- _GIVEN DATA_:
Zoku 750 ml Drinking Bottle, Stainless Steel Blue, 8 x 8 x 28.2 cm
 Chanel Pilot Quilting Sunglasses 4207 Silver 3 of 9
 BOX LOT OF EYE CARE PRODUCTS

- _WHAT YOU ARE ASKED TO DO_:
Return the listing above exactly, line for line.

- _EXPECTED ANSWER_:
Zoku 750 ml Drinking Bottle, Stainless Steel Blue, 8 x 8 x 28.2 cm
 Chanel Pilot Quilting Sunglasses 4207 Silver 3 of 9
 BOX LOT OF EYE CARE PRODUCTS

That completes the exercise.